TIMBERTIGER Posted November 14, 2017 Share Posted November 14, 2017 Not sure if the FPCU is whats keeping your car from running. I had an 84 BRAT with a bad FPCU (after taking it apart you could see a burnt spot on the circuit board) and i ended up wiring my fuel pump to the back of my alternator for power while the car was running with a pushbutton to ACC power for priming and the car ran great without even having a FPCU installed. Link to comment Share on other sites More sharing options...
naru Posted November 15, 2017 Share Posted November 15, 2017 This evening I picked up a brand new FPCU for my '85 BRAT. As you can tell, it doesn't look exactly the same, but the parts person who found it for me has over 17 years experience at the dealership. The person I talk to when I picked up the part assured me if he was the one who found it for me, it's the right part. Apparently, if what I was told is correct, this was also the ONLY brand new part in the entire U.S.A. That's right. There was only one of these in the whole country, and now I have it. With tax, it was just shy of $190. Ouch. I sure hope it works. If not, I will be totally stumped with this issue. I didn't take a picture of it, but right outside the front door on display at the dealership was a very nice light metallic blue '85 BRAT. The only wear I could see on it was where a shell had been on the bed. You are still barking up the wrong tree. The FPCU is not that complicated.It merely senses primarty ignition pulses created by the ignition module and closes some fuel pump relay contacts in response. A brand new FPCU is NOT GOING TO WORK withouit primary ignition pulses(flashing test light on coil negative w/cranking) The only components common to the ignition and FPCU are fusible link #2 and the ignition switch. Since you have power at the coil,they look OK. FYI,the module has 3 connections.Ground at the bottom is the 3rd. Therefore there are 6 possible arrangements of the meter leads when using the diode test. Use them all for comparing. An open on the ground side = dead module I only have a turbo module to test so I cannot provide #s for yours. Ignition needs to work in order for the FPCU to work,not the other way around. 1 Link to comment Share on other sites More sharing options...

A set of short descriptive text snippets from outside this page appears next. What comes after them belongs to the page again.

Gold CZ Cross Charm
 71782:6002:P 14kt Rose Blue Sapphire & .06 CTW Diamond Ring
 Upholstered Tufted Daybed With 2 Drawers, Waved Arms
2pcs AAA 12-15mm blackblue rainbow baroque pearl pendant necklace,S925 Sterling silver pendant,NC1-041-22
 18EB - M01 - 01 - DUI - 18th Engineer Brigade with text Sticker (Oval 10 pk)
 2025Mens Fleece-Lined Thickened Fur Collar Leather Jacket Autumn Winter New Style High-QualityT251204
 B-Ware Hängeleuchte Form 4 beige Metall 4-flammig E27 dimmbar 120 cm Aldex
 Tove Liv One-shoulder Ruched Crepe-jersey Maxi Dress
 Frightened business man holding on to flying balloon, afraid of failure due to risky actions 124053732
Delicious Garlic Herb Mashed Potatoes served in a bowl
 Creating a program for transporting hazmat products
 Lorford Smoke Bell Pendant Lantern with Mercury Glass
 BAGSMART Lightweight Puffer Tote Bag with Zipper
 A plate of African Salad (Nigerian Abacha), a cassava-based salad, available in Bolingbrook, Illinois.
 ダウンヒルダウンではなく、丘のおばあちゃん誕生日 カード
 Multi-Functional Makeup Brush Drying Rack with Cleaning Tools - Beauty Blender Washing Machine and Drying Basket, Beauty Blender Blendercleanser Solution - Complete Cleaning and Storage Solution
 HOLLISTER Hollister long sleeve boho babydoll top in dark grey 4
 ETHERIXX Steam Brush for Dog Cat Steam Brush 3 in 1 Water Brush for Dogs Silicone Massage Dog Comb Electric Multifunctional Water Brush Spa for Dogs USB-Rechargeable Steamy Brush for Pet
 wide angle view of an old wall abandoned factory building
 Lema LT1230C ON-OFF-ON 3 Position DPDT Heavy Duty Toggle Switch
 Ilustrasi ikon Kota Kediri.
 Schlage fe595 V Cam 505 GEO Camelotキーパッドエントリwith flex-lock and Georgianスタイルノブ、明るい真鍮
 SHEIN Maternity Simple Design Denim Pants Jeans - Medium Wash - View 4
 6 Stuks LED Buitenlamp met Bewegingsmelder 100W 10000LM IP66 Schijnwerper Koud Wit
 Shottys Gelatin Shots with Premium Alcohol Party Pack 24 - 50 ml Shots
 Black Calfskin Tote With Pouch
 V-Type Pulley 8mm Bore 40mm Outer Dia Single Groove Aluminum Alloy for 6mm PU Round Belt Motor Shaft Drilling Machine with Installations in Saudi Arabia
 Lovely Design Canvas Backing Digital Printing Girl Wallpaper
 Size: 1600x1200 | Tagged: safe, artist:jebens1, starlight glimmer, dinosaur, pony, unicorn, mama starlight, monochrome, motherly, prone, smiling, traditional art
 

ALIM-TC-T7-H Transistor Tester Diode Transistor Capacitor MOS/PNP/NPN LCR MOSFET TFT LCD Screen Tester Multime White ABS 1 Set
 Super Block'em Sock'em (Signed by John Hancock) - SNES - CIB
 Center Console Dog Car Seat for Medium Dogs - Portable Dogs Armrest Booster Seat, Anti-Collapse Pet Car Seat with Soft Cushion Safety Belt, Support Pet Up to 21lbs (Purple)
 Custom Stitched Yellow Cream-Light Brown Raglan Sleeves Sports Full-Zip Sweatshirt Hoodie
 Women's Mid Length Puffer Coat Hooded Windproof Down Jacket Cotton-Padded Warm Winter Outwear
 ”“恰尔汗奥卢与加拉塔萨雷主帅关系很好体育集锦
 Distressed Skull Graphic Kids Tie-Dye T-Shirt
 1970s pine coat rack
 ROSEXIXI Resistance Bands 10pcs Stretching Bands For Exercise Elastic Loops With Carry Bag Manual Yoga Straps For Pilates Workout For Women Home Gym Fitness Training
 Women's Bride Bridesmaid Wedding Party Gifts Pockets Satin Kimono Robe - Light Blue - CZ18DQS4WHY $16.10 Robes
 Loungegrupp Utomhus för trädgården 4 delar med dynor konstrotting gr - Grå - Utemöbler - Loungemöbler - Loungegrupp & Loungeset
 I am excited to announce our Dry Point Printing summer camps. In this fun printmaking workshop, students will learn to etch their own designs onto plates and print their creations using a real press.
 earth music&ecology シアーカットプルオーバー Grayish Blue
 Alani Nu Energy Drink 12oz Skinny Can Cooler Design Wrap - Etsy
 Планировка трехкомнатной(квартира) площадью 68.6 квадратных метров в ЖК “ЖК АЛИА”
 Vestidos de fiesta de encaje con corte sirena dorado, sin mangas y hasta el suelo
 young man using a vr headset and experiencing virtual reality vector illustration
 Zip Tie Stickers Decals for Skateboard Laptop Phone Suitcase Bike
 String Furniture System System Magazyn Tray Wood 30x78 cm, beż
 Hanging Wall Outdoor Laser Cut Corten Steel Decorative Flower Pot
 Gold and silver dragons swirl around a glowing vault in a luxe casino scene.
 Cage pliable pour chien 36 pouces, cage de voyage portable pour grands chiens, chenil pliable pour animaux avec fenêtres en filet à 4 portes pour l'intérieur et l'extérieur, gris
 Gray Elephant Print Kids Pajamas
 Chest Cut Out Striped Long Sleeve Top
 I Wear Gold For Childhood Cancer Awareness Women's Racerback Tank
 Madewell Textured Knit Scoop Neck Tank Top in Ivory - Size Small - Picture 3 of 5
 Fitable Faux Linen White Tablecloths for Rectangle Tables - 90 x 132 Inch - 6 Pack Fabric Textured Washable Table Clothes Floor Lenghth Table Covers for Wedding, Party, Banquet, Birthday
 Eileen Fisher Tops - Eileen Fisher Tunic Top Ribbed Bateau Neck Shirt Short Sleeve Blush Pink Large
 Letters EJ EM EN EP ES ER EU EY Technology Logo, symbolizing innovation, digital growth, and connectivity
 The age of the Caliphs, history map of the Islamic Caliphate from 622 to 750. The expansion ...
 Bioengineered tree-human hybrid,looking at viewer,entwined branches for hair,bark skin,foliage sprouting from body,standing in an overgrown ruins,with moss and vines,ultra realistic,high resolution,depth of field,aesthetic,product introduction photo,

mhisstc Posted November 23, 2017 Author Share Posted November 23, 2017 IT RUNS! Absolutely correct the new FPCU made no difference. But, I did want to have a new one to verify functionality. I also got *another* new distributor. So what's different? Absolutely nothing. Every circut, wire, component, etc. tested out exactly as before. I have no idea why it is running now, and why it wasn't running before. Here's how it happened. I tried the new FPCU. Nothing. I put the old one back. I put in the new distrubutor with new ignition module. Nothing. I was ready to tow it to the dealership, open up my credit card, and give them instructions to "make it run". That's when my wife forced my daughter to come out and help me with her car. I proceded to show her everything I tested and did to her car to make it run without success. She was bummed. As I was cleaing up, the only thing I hadn't tried was to run a wire directly from the batter to the (+) side of the coil to bypass all of the other wiring through the car. So I pulled the (+) lead off the coil and replaced it with the wire directly to the battery. I did that and it immediately started. So then I went back through the circuits thinking the ignition switch was at fault and maybe I hadn't tested to make sure the coil was receiving power when the strater was cranking. I verified that. So I still had no idea why it wasn't running. previously, but I went ahead and set the timing again as it got dark. This morning I went through everything again to verify I was getting power to everything I was supposed to get power to when I was supposed to get it. It *should* run with the (+) ignition wire attached to the coil without the jumper. I put the (+) ignition wire back on the coil as I had done innumeral times before. Nothing initially, then it fired after I pumped the throttle once. That's where things are now that I've put evetyting back together. It runs great and starts with no issue. And I have no idea what the difference is. Link to comment Share on other sites More sharing options...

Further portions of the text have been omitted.